# help with white dots problem in textile paper - epson b510



## Gilos (Apr 23, 2012)

hello everybody, im new here,
my name is gil, need help from you please,
i am printing in epson b510dn in textile sublimation paper i am getting a white dots in the printing, the dots its more like holes, i mean its not white ink,
also ita make black dots on the white area after the printing area.

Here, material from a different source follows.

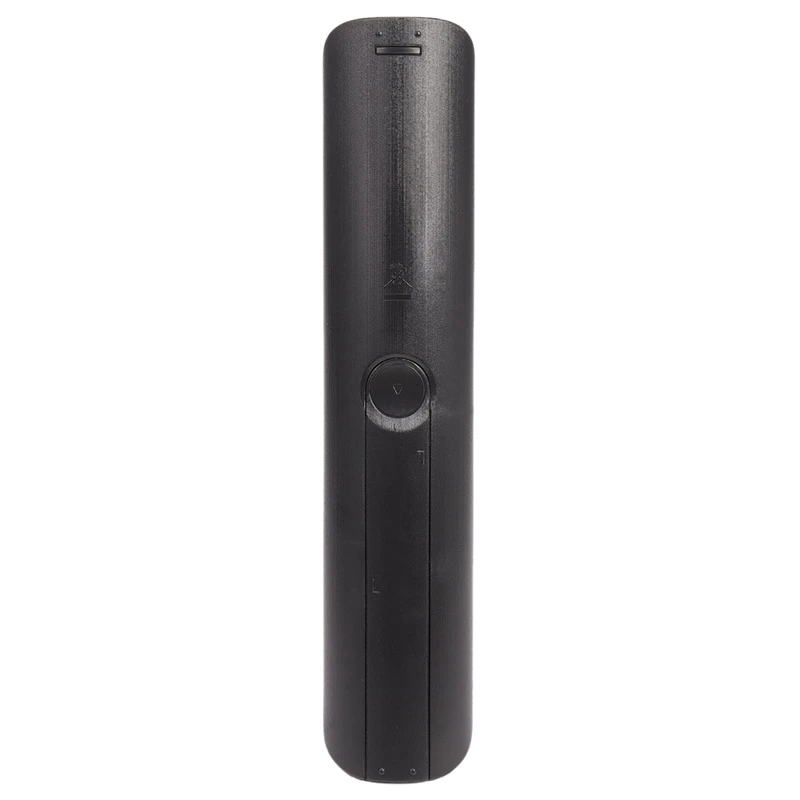 スマートTVリモコン,Samsung, 3D, AA59-00594A, AA59-00581A, AA59-00582A, AA59-00638A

Uploaded with ImageShack.us

how i fix this ?


----------



## Gilos (Apr 23, 2012)

i guess i am the only one with this problem....


----------



## lostinsyr (Feb 22, 2010)

I had this exact problem just last week. I use an Epson 1100 for my sub printing. Open the cover ande take a look inside your printer - the paper path uses small wheels with teeth on it to pull the paper through. I was printing an all black design - although I didn't have the white dots you have I did after sublimating a safety vest have the black dots - and they weren't easily visible on the paper but showed on the vest after pressing it. I looked at the paper of the prints I had and actually had to use a magnifying glass to see them on the paper. I had not had this problem ever before and stopped my production and mulled it over. Here is what I discovered. The day I was making my transfers it was rainy & humid. I was making my transfers in the "fine" mode. When the printer spit out a transfer I immediately grabbed it and carefully gave it a careful look and discovered the ink was in some spots still damp. So as the paper was being fed through the path the tiny wheels were picking up the damp ink and depositing it - in the pattern that you see on your photos - on the paper. First I thought maybe the paper had absorbed moisture so I placed a sheet in my heat press and let it hover above the paper for a very short time - better but still it was leaving the pattern of black dots. I took a quick trip to the store and purchased the cheapest blow dryer they had and rigged up a mount that would hold the blow dryer above the paper as it was fed through the printer. I was hoping that the warm air blowing across the paper would dry the ink. This was successful and I was able to run off over 100 transfers without any further problems and complete the sublimation job I was working on. Yesterday was not rainy and damp and I printed some more of the same transfers and as the printer spit them out the ink was dry and I had no "dots" ruining my prints. I hope this has helped with your problem. Please let all of us know what you find and what results you have working with this problem. Don't be afraid to come back for further help!


----------



## Gilos (Apr 23, 2012)

hi friend,
first of all - thank you very much for your answer, i sorry you had to deal with this problem also, now:
you sure right that the wheels makes this marks and also my biggest problem is the black dots not the white,
when i am using the texitile paper (for poliaster texitile).
i was try to use a vent in front of the printer but its just got worst, i will try your idea for blow dryer and let you know how its went.

again ty you very much. 
and if i have mistakes in my message - im sorry, english isn't my first languge.

Gil Yaron.


----------



## lostinsyr (Feb 22, 2010)

Good luck Gil - I hope the idea works for you. Don't worry about your English - it's excellent, in fact I'm sure it is better than what I could do in your native language... Keep us informed and come back often.

Pat


----------